HOW TO COMPLETE THIS TASK |
All of the lines below should be output exactly as shown.

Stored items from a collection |
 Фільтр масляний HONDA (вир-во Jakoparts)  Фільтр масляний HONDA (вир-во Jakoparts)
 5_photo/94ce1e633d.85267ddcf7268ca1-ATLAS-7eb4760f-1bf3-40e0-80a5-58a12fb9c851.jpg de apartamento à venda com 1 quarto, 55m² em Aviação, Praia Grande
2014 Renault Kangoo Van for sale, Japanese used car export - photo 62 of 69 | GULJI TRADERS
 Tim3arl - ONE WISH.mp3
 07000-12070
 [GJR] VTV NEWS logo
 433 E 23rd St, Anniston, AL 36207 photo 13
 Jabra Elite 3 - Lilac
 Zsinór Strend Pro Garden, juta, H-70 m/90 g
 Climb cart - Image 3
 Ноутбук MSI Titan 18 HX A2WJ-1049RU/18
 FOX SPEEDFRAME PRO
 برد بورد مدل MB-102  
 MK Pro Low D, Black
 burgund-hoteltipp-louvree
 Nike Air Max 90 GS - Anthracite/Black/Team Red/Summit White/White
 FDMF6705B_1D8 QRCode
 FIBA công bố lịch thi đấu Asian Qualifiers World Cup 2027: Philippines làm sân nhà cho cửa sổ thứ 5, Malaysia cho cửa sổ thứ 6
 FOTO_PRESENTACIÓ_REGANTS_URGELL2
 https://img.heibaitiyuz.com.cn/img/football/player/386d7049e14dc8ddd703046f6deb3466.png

RESPONSE BOX |
 Фільтр масляний HONDA (вир-во Jakoparts)  Фільтр масляний HONDA (вир-во Jakoparts)
 5_photo/94ce1e633d.85267ddcf7268ca1-ATLAS-7eb4760f-1bf3-40e0-80a5-58a12fb9c851.jpg de apartamento à venda com 1 quarto, 55m² em Aviação, Praia Grande
2014 Renault Kangoo Van for sale, Japanese used car export - photo 62 of 69 | GULJI TRADERS
 Tim3arl - ONE WISH.mp3
 07000-12070
 [GJR] VTV NEWS logo
 433 E 23rd St, Anniston, AL 36207 photo 13
 Jabra Elite 3 - Lilac
 Zsinór Strend Pro Garden, juta, H-70 m/90 g
 Climb cart - Image 3
 Ноутбук MSI Titan 18 HX A2WJ-1049RU/18
 FOX SPEEDFRAME PRO
 برد بورد مدل MB-102  
 MK Pro Low D, Black
 burgund-hoteltipp-louvree
 Nike Air Max 90 GS - Anthracite/Black/Team Red/Summit White/White
 FDMF6705B_1D8 QRCode
 FIBA công bố lịch thi đấu Asian Qualifiers World Cup 2027: Philippines làm sân nhà cho cửa sổ thứ 5, Malaysia cho cửa sổ thứ 6
 FOTO_PRESENTACIÓ_REGANTS_URGELL2
 https://img.heibaitiyuz.com.cn/img/football/player/386d7049e14dc8ddd703046f6deb3466.png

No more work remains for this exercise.